Imbalanced Data Classification Based on Improved Random-SMOTE and Feature Standard Deviation

Ying Zhang,Li Deng,Bo Wei
DOI: https://doi.org/10.3390/math12111709
IF: 2.4
2024-05-31
Mathematics
Abstract:Oversampling techniques are widely used to rebalance imbalanced datasets. However, most of the oversampling methods may introduce noise and fuzzy boundaries for dataset classification, leading to the overfitting phenomenon. To solve this problem, we propose a new method (FSDR-SMOTE) based on Random-SMOTE and Feature Standard Deviation for rebalancing imbalanced datasets. The method first removes noisy samples based on the Tukey criterion and then calculates the feature standard deviation reflecting the degree of data discretization to detect the sample location, and classifies the samples into boundary samples and safety samples. Secondly, the K-means clustering algorithm is employed to partition the minority class samples into several sub-clusters. Within each sub-cluster, new samples are generated based on random samples, boundary samples, and the corresponding sub-cluster center. The experimental results show that the average evaluation value obtained by FSDR-SMOTE is 93.31% (93.16%, and 86.53%) in terms of the F-measure (G-mean, and MCC) on the 20 benchmark datasets selected from the UCI machine learning library.
mathematics
What problem does this paper attempt to address?

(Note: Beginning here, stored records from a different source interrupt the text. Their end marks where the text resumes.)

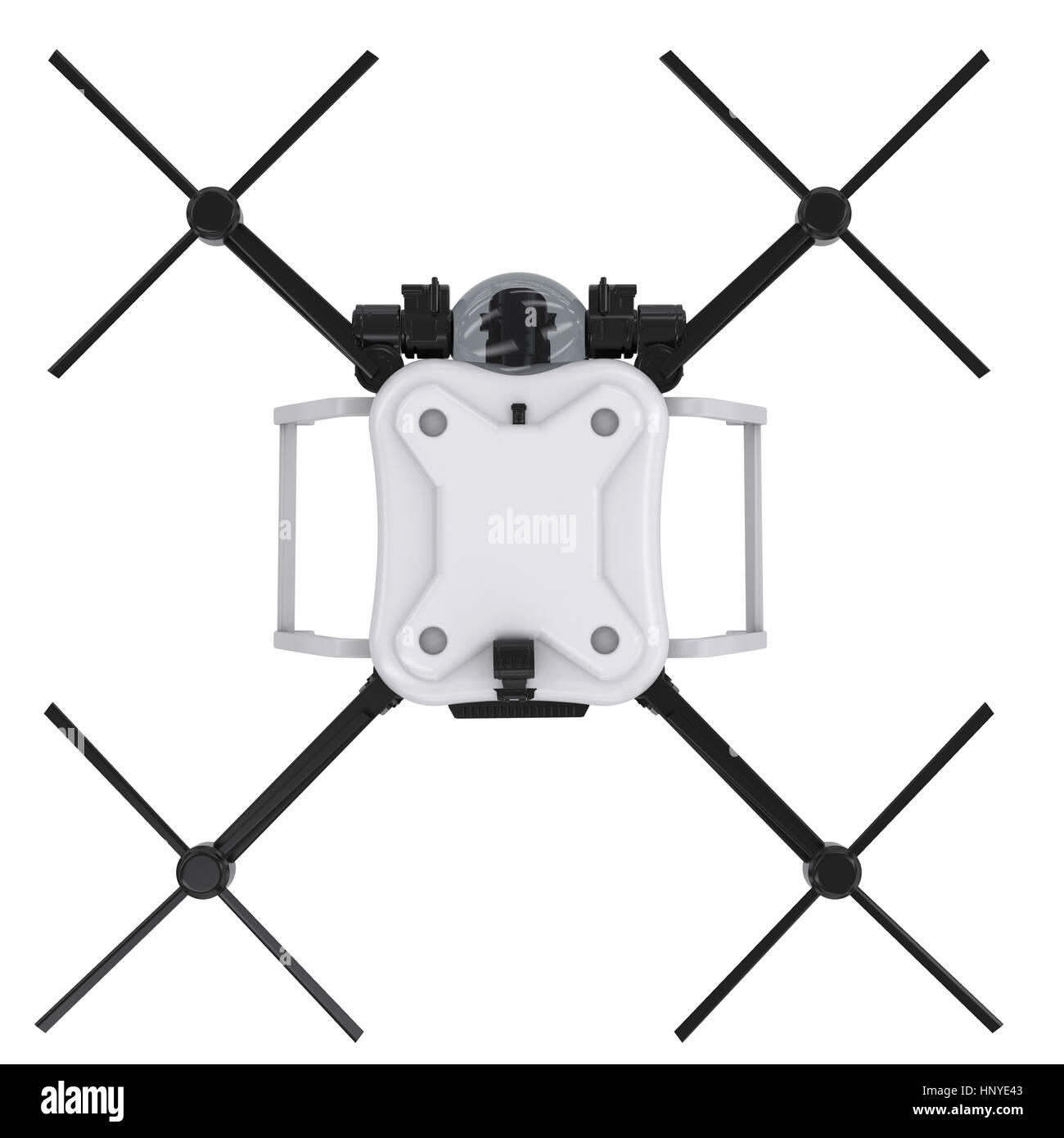 3d rendering white drone isolated on white Stock Photo
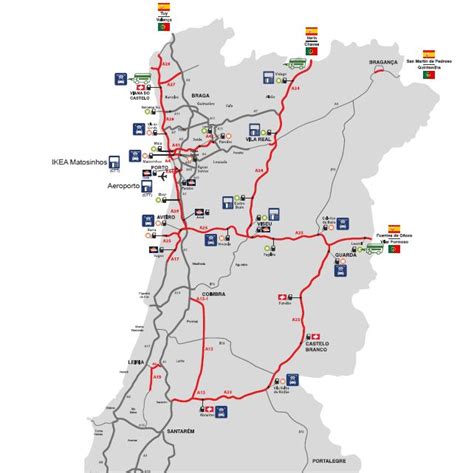 Autopista en Portugal con señalización de peaje electrónico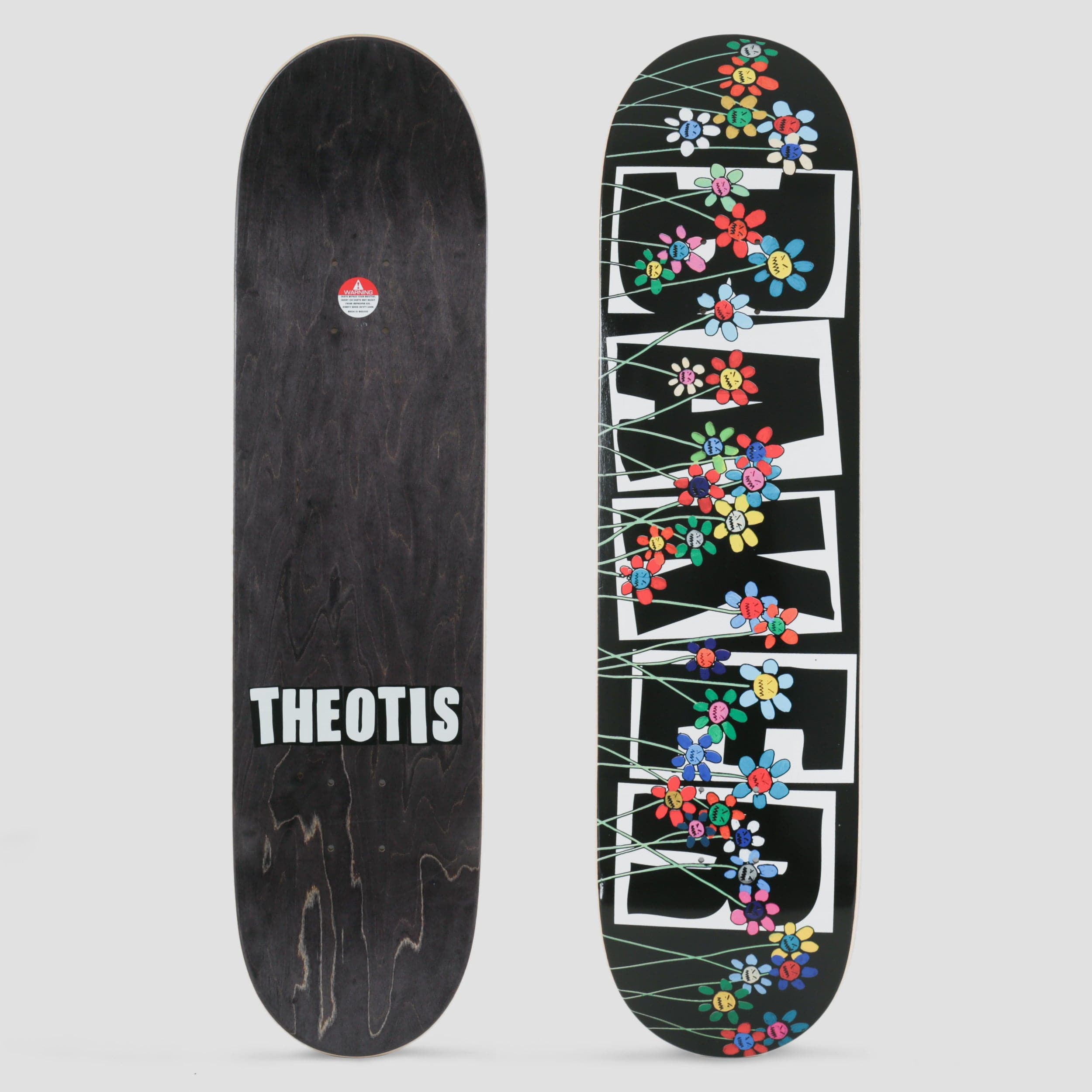Baker 8.0 Theotis Flowers Skateboard Deck Black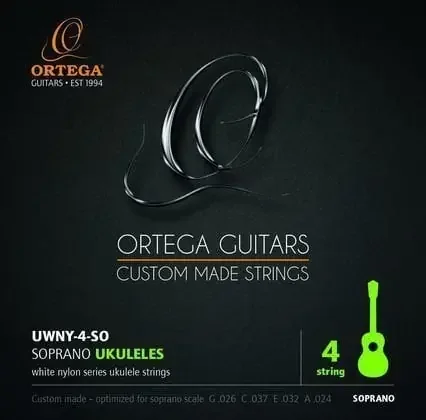 Ortega Nylon Soprano Cordes pour ukulélé soprano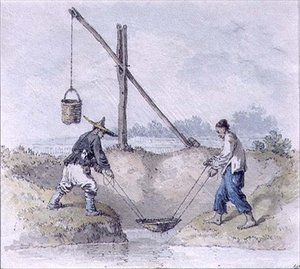 Chinese Labourers Collecting Water by William Alexander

The problem that this paper attempts to solve is that in imbalanced data classification, existing oversampling methods may introduce noise and blur boundaries, leading to over - fitting. Specifically, when dealing with imbalanced data sets, traditional classification algorithms usually assume that the number of samples in each category is balanced during the training phase, and thus perform poorly when dealing with imbalanced data. In particular, because the number of samples in the majority class is large, the model is more inclined to learn the characteristics of the majority class during the training process, and thus is biased towards the majority class during prediction. This may lead to a decline in the recognition ability of samples in the minority class, or even completely ignore the importance of the minority class, and ultimately lead to misclassification in practical applications. To overcome these problems, the author proposes a new method (FSDR - SMOTE), which re - balances imbalanced data sets based on the improved Random - SMOTE (Random - SMOTE) and feature standard deviation. The main steps of FSDR - SMOTE include: 1. **Data pre - processing**: Use the Tukey criterion to remove noise samples, and use the K - means clustering algorithm to cluster minority - class samples. 2. **Boundary sample screening**: Detect sample positions by calculating the feature standard deviation, and divide minority - class samples into boundary samples and safe samples. 3. **New sample synthesis**: Generate new samples within each sub - cluster based on random samples, boundary samples and the corresponding sub - cluster centers. Experimental results show that FSDR - SMOTE performs better than other oversampling methods on multiple benchmark data sets, especially achieving significant improvements in the F - measure, G - mean and MCC indicators.